The Comparison With Apple

It is worth noting where the comparison with Apple, often invoked in these debates, holds and where it breaks down. Apple designs its hardware, controls its operating system, and has historically permitted application installation only through its App Store. That degree of vertical integration meant that, under the DMA, Apple faced requirements to allow alternative app marketplaces and sideloading mechanisms that represented fundamental changes to how iOS operates. Google already permits these behaviours on Android, which is why the DMA's impact on its platform is more limited.

However, the direction of travel matters. Critics argue that policies like mandatory developer verification, combined with Google's control of the update pipeline and the practical dependency of the ecosystem on Play Services, are gradually moving Android toward a model that is more controlled in practice than its open-source origins would suggest. The formal difference between Android and iOS may be narrowing, even if it has not disappeared.

Where Things Stand

The verification scheme opened to all developers in March 2026, with enforcement beginning in September 2026 in four initial countries. Google has offered assurances that sideloading is not being eliminated and that experienced users will retain a route to install unverified software. Critics point out that this route has not yet been specified clearly enough for independent organisations to assess whether it would serve as a workable mechanism for FOSS distribution. Until it is demonstrated and tested in practice, F-Droid and its allies have concluded that it cannot be relied upon.

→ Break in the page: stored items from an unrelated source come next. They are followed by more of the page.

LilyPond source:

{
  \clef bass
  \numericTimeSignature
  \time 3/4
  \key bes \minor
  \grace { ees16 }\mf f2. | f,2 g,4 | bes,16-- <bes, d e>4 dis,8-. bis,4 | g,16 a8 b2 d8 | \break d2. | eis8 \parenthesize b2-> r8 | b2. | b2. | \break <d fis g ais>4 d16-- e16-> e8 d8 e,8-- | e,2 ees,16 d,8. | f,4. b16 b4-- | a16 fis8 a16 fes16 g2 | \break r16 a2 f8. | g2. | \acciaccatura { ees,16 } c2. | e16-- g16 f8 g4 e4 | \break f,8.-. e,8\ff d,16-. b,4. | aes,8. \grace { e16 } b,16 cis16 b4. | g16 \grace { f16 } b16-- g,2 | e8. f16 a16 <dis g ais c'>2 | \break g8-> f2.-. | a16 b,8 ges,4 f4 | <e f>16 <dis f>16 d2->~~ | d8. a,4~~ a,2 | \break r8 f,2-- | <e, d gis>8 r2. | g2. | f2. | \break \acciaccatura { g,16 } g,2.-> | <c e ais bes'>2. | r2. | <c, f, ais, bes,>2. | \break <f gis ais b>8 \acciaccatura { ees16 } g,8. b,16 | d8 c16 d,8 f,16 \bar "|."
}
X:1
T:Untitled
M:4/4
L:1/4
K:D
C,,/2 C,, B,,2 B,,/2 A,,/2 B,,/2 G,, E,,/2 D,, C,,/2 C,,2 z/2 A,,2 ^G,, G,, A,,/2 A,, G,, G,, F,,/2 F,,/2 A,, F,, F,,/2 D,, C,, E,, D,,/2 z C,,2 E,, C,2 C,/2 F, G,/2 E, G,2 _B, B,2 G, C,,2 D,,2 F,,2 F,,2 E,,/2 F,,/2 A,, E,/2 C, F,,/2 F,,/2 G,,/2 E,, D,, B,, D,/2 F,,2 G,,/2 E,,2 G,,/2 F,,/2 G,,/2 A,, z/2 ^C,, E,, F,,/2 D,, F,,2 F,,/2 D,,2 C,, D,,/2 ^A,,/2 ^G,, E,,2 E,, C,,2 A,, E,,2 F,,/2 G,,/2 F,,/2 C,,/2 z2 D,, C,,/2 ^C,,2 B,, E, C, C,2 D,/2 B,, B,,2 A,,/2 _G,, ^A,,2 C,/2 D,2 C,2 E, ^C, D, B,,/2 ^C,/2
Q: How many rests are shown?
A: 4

F-Droid is not facing immediate closure. It continues to host over 3,800 applications and its governance and infrastructure have been strengthened in recent years. Its continued existence, and the existence of the broader ecosystem of independent Android distribution tools, depends on sideloading remaining practically viable. The outcome will be shaped by how Google implements the advanced flow provision, by the response of competition regulators in Europe and elsewhere, and by whether independent developers in sufficient numbers choose to comply with, work around or resist the new requirements.

Its story is, in this respect, a concrete test case for a broader question: whether the formal openness of a platform is sufficient to guarantee genuine openness in practice, or whether the combination of service dependencies, update mechanisms and registration requirements can produce a functionally closed system without formally becoming one. The answer will have implications well beyond a single FOSS app repository.